Purpose : Somatic mitochondrial DNA (mtDNA) mutation accumulation has been observed in individuals with retinal degenerative disorders. This study aims to better understand how these mutations are correlated with the onset and progression of retinal degeneration, and to also distinguish these from physiological aging.

Methods : This study utilizes a mouse model of Polymerase gamma (PolgD257A) to evaluate accelerated aging and mtDNA mutation accumulation in the retina. This model has a rapid systemic accumulation of mtDNA mutations due to the inability of PolgD257A to perform the corrective base-excision repair process on mtDNA. 3-, 6-, and 9-month-old PolgD257A mutant, heterozygous, and wild-type (WT) mice were analyzed both functionally and morphologically using in vivo and ex vivo techniques including optical coherence tomography, electroretinography (ERG), histology, immunohistochemistry, electron microscopy, and various other biochemical strategies.

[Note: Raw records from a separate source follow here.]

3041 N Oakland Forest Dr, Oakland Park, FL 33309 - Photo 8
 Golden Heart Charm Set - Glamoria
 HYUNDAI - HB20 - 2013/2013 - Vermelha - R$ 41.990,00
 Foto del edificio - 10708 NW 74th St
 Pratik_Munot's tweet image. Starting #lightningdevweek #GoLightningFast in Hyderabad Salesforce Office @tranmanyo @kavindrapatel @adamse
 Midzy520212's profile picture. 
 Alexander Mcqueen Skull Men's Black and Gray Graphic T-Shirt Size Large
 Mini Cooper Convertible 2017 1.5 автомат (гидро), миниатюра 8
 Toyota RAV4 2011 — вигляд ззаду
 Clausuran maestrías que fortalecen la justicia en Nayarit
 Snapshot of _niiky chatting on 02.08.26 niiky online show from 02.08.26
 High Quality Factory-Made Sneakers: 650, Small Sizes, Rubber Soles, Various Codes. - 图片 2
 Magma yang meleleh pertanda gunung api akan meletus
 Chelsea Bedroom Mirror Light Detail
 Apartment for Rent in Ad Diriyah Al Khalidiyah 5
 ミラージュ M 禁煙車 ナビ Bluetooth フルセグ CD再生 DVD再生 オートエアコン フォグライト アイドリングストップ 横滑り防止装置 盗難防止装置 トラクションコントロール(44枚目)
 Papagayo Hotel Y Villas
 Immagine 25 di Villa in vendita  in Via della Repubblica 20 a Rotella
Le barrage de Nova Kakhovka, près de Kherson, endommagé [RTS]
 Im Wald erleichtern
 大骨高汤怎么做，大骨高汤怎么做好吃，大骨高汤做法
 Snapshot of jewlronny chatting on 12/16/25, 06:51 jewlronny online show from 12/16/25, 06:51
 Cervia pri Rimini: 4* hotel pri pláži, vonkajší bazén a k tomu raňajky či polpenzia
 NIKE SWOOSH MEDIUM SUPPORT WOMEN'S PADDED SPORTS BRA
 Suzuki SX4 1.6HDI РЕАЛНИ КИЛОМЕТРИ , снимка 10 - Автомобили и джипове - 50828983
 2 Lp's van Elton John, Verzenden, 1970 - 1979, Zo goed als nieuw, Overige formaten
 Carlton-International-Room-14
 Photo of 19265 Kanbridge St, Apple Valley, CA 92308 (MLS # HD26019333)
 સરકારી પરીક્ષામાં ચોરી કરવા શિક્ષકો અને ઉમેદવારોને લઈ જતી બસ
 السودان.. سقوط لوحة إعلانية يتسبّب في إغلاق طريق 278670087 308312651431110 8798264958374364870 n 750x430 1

Results : PolgD257A showed a significant reduction in thickness of several retinal layers. In addition, the mutant mouse retina displayed ERG deficits in all recorded responses. Both findings were age-dependent, with the most severe phenotypes observed at 9-months. Analysis of PolgD257A retinal pigment epithelium (RPE) showed an increased abundance in autofluorescent granule formation. In addition, at the ultrastructural level, the PolgD257A RPE showed disordered pigment, disorganized microvilli, improper basal infoldings density, and smaller mitochondria with dilated cristae in comparison to WT cells. Interestingly, there was no significant difference in several measures of oxidative stress analyzed between WT and PolgD257A retina or RPE. However, there was an age-dependent increase in oxidative marker 8-OHdG in the RPE. Polg protein levels remained unchanged in both tissues between genotype and age groups analyzed. Finally, complex proteins of the electron transport chain showed tissue-specific loss in this model as early as 3-months of age, with the loss of complex I and IV appearing preferentially depleted in the retinas and complex I in the RPE.

Conclusions : By identifying and characterizing the contribution of mtDNA mutations in the aging retina, this study suggests that the accumulation of these mutations leads to impaired mitochondrial function and accelerated aging, resulting in retinal degeneration.

This abstract was presented at the 2024 ARVO Annual Meeting, held in Seattle, WA, May 5-9, 2024.